- THE DATA -

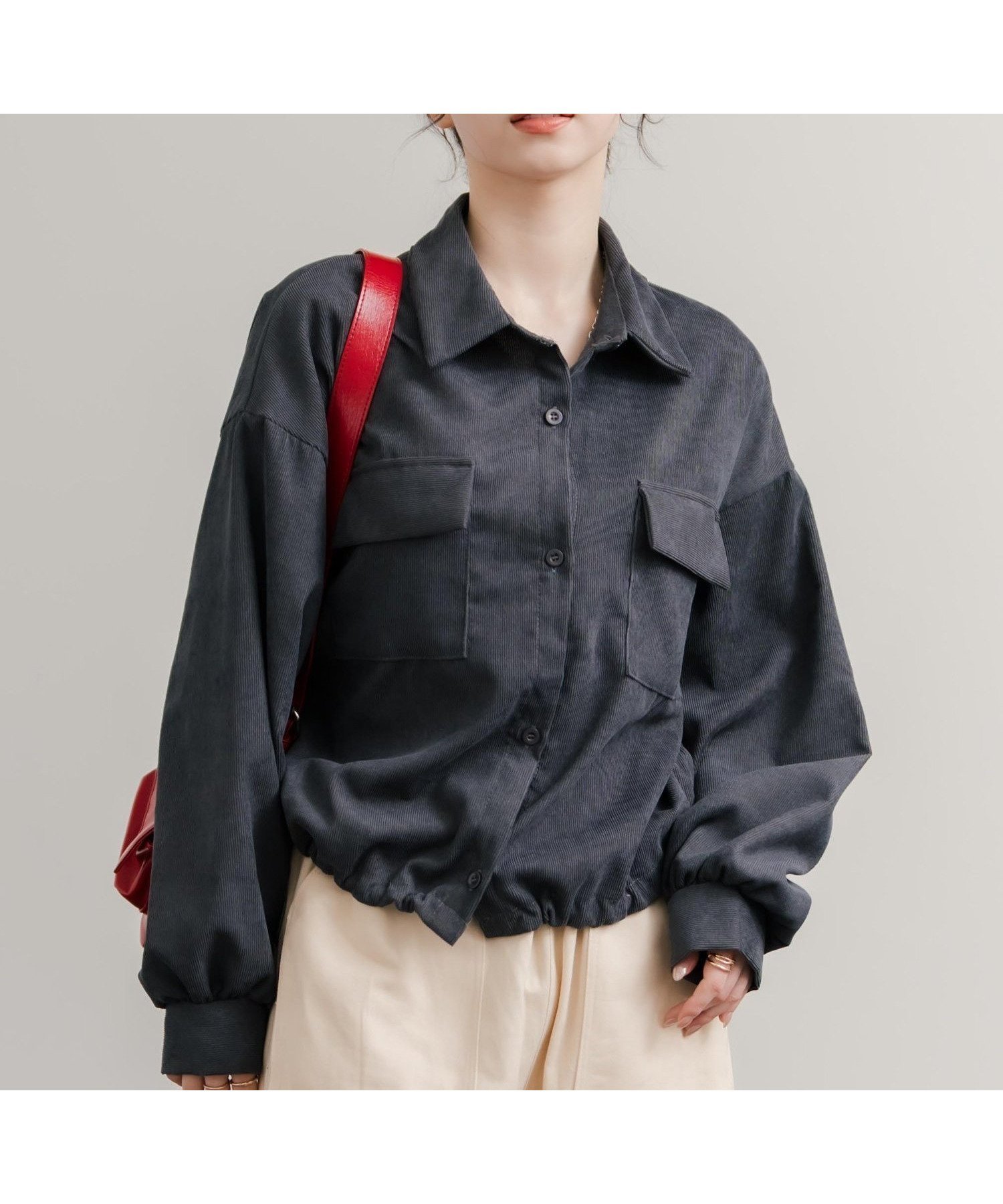 【ロッキーモンロー/Rocky Monroe】のショート丈 コーデュロイシャツジャケット インテリア・キッズ・メンズ・レディースファッション・服の通販 founy(ファニー) 　ファッション　Fashion　レディースファッション　Fashion for Women　アウター　Coat / Outerwear Collection　レディースジャケット・軽アウター　Jackets　コーデュロイ　Corduroy, Cord Fabric　軽量　Lightweight, Ultra Light　ショート　Short, Short Length　トレンド　Trend, Trending Now　ドローコード　Drawcord, Drawstring Cord　バランス　Balance, Style Balance　フラップ　Flap, Flap Pocket　フロント　Front, Front Design　ポケット　Pocket, Pocket Detail　リラックス　Relax, Relaxed Fit　ロールアップ　Roll-Up, Cuffed Hem　再入荷　Restock / Back in Stock　グレー|ID: prp329100004631367 ipo3291000000033398444
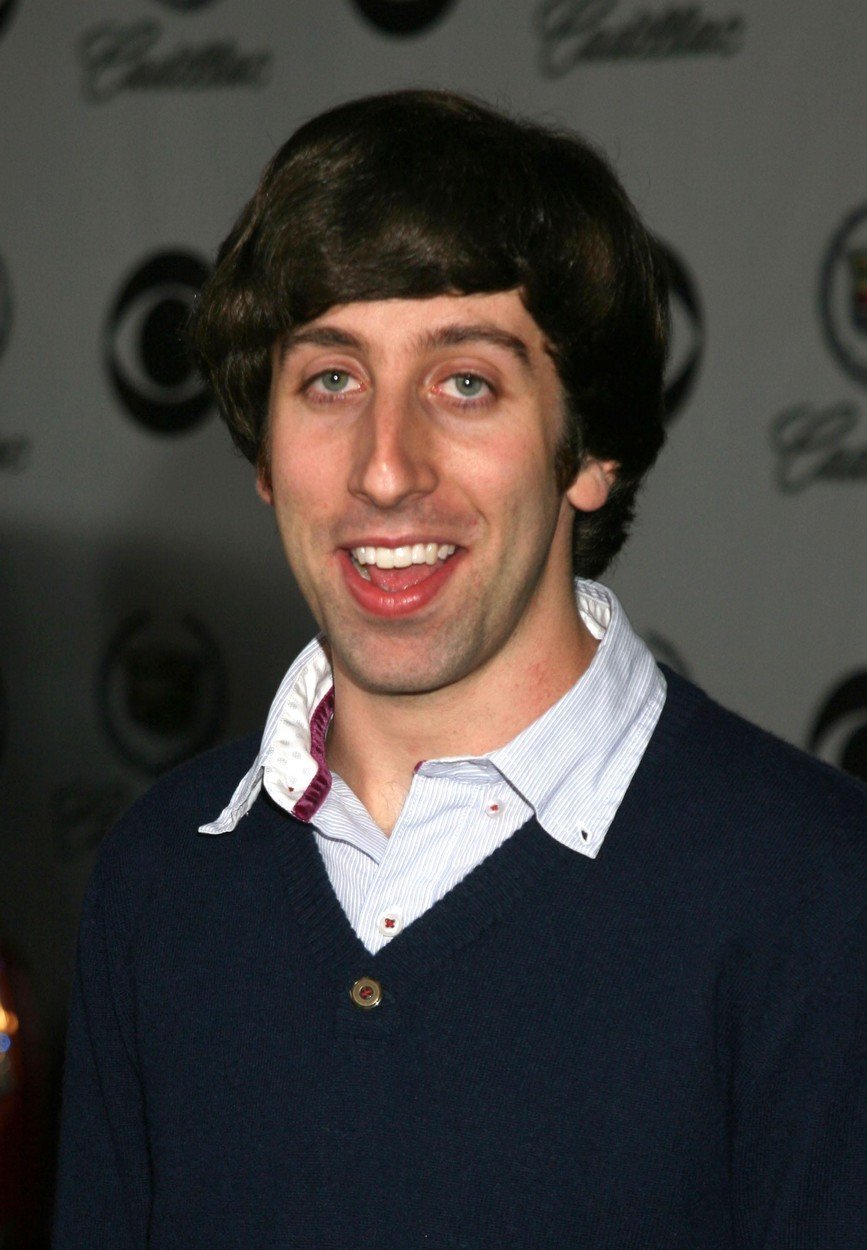 Simon Helberg jako známá postava Howarda ze seriálu Teorie velkého třesku.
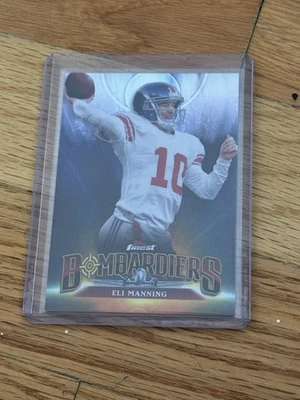 2024 Topps Finest Eli Manning Bombardiers BB-20 SSP Estuche Hit Foto 1 de 2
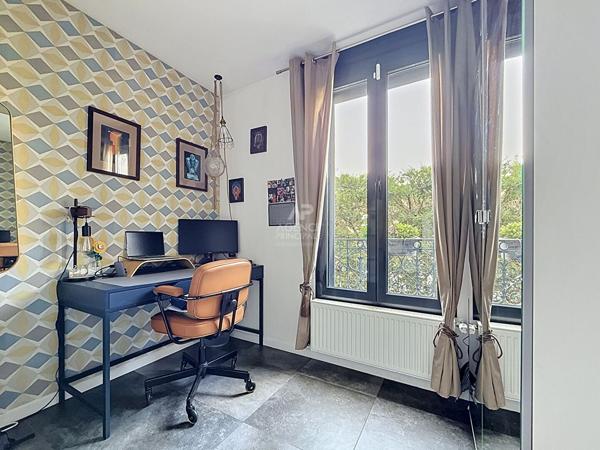 Chatou - Maison familiale 6 pièces entièrement rénovée 750 000 € **  - Référence  V210010366
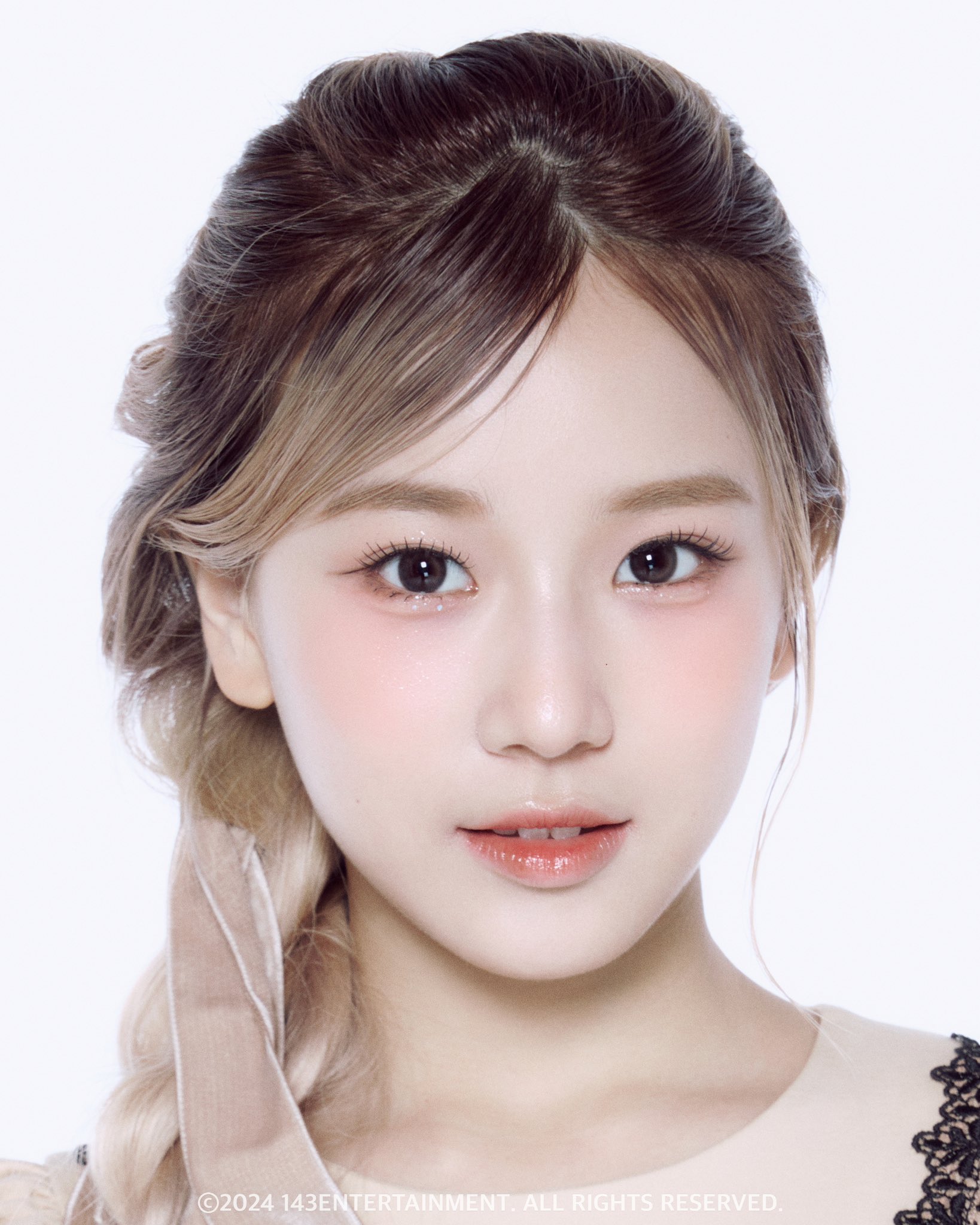 MADEIN Unveils Stunning Profile Images Of All Members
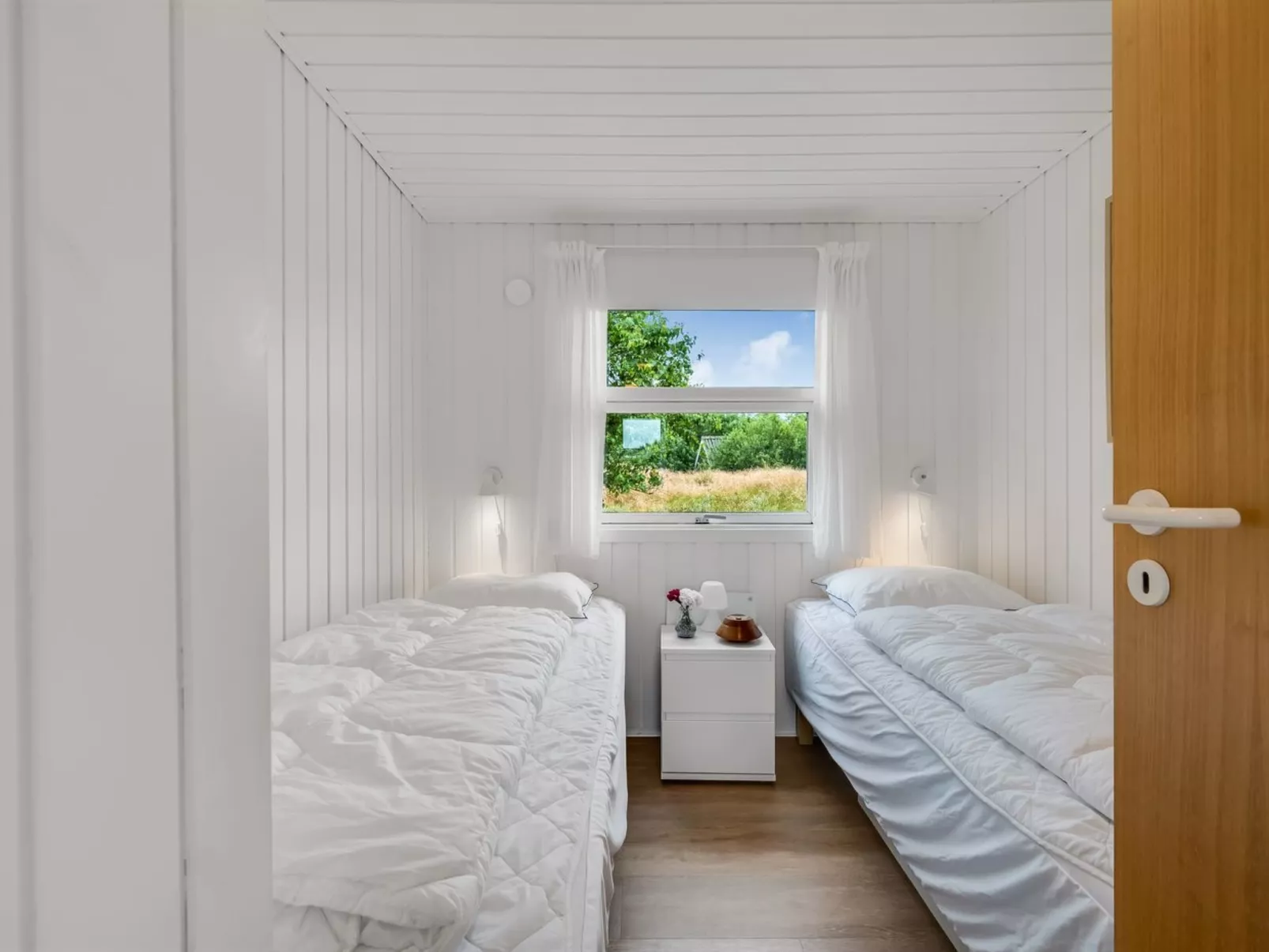 "Bentine" - 400m from the sea-Dedans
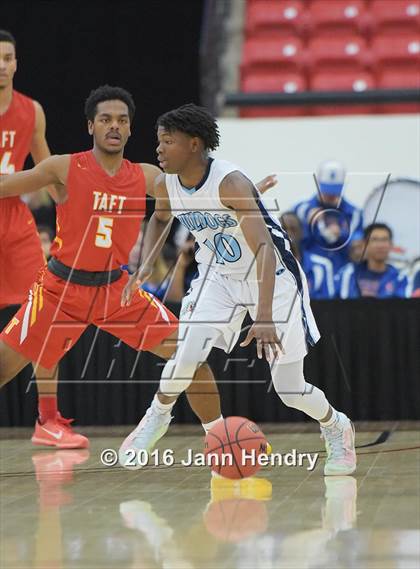 Thumbnail 2 in Centennial vs. Taft (Big City Showdown) photogallery.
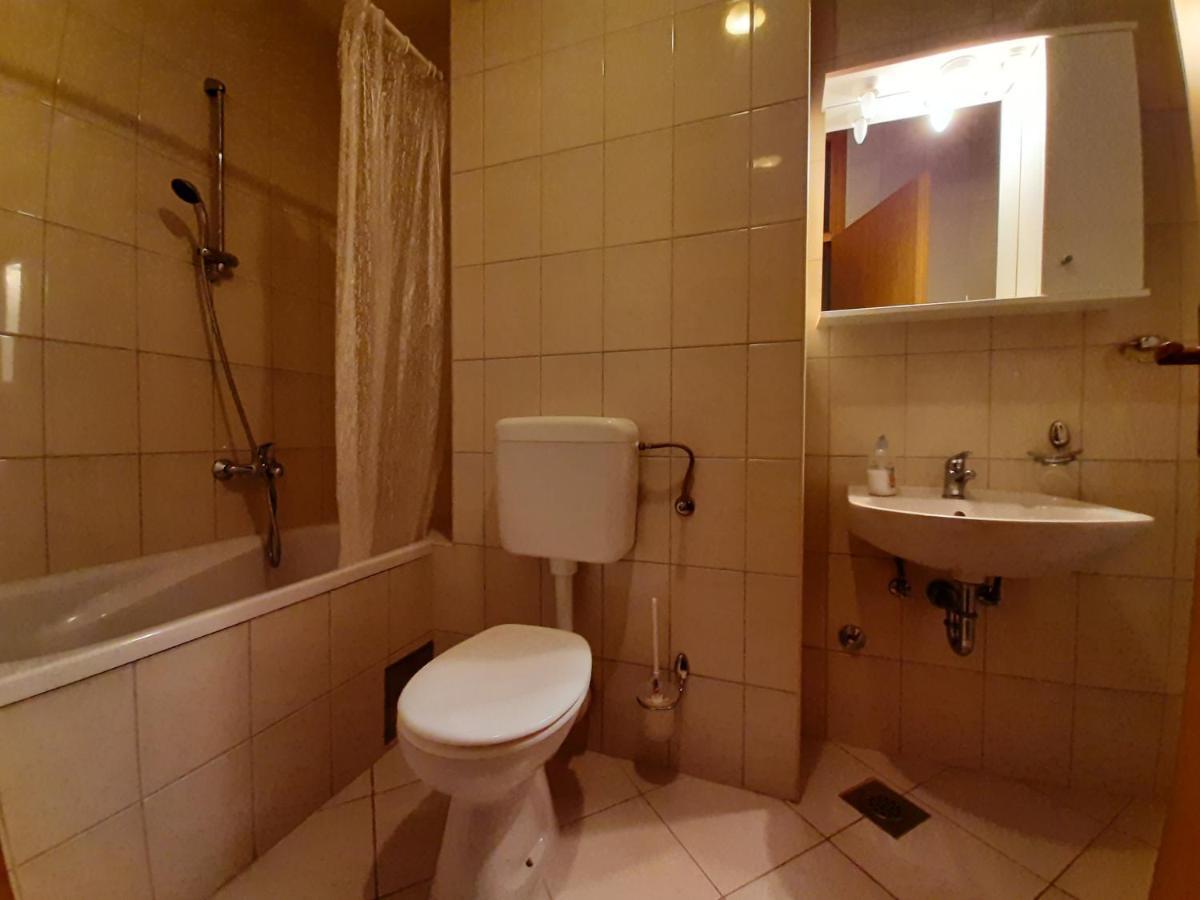 Apartment Jelena Trogir Exteriör bild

- WHAT TO DO -
Repeat the data above exactly; images are not part of the copy.

- WRITTEN REPLY -
 【ロッキーモンロー/Rocky Monroe】のショート丈 コーデュロイシャツジャケット インテリア・キッズ・メンズ・レディースファッション・服の通販 founy(ファニー) 　ファッション　Fashion　レディースファッション　Fashion for Women　アウター　Coat / Outerwear Collection　レディースジャケット・軽アウター　Jackets　コーデュロイ　Corduroy, Cord Fabric　軽量　Lightweight, Ultra Light　ショート　Short, Short Length　トレンド　Trend, Trending Now　ドローコード　Drawcord, Drawstring Cord　バランス　Balance, Style Balance　フラップ　Flap, Flap Pocket　フロント　Front, Front Design　ポケット　Pocket, Pocket Detail　リラックス　Relax, Relaxed Fit　ロールアップ　Roll-Up, Cuffed Hem　再入荷　Restock / Back in Stock　グレー|ID: prp329100004631367 ipo3291000000033398444
 Simon Helberg jako známá postava Howarda ze seriálu Teorie velkého třesku.
 2024 Topps Finest Eli Manning Bombardiers BB-20 SSP Estuche Hit Foto 1 de 2
 Chatou - Maison familiale 6 pièces entièrement rénovée 750 000 € **  - Référence  V210010366
 MADEIN Unveils Stunning Profile Images Of All Members
 "Bentine" - 400m from the sea-Dedans
 Thumbnail 2 in Centennial vs. Taft (Big City Showdown) photogallery.
 Apartment Jelena Trogir Exteriör bild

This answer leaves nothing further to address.